** Work to complete **
Every line of the data below is to be given again as it appears, with the images removed.

___ Provided material ___

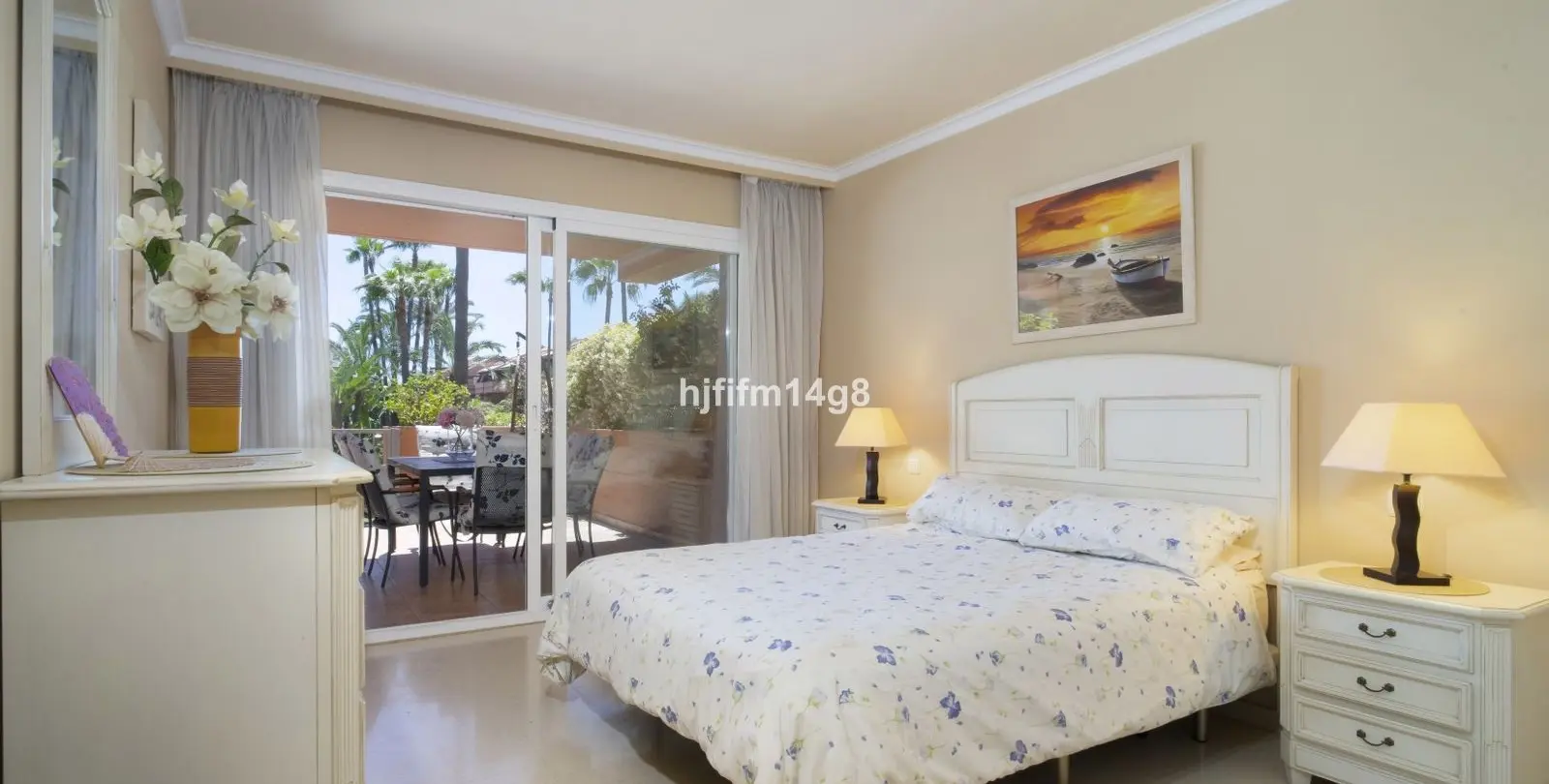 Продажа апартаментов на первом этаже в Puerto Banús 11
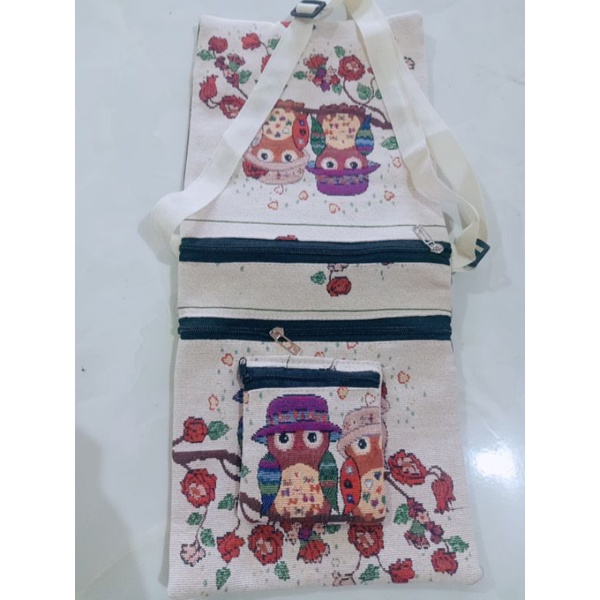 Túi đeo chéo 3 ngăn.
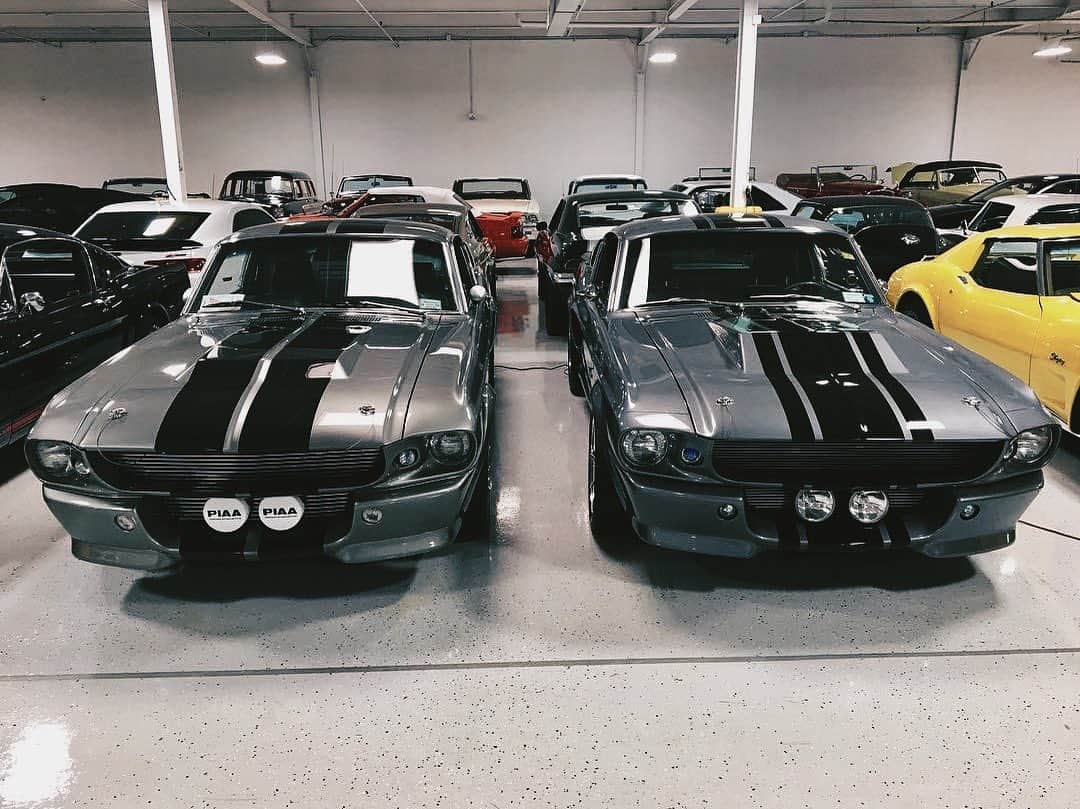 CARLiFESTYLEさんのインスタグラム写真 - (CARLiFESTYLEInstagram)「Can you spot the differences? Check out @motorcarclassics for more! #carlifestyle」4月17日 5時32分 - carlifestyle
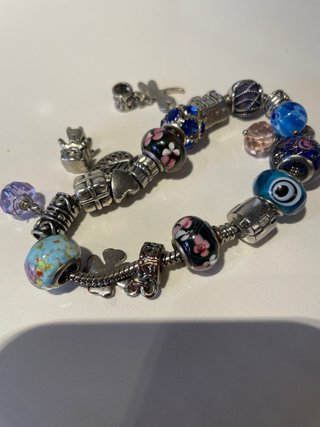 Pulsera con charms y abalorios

___

** Output of the task **
 Продажа апартаментов на первом этаже в Puerto Banús 11
 Túi đeo chéo 3 ngăn.
 CARLiFESTYLEさんのインスタグラム写真 - (CARLiFESTYLEInstagram)「Can you spot the differences? Check out @motorcarclassics for more! #carlifestyle」4月17日 5時32分 - carlifestyle
 Pulsera con charms y abalorios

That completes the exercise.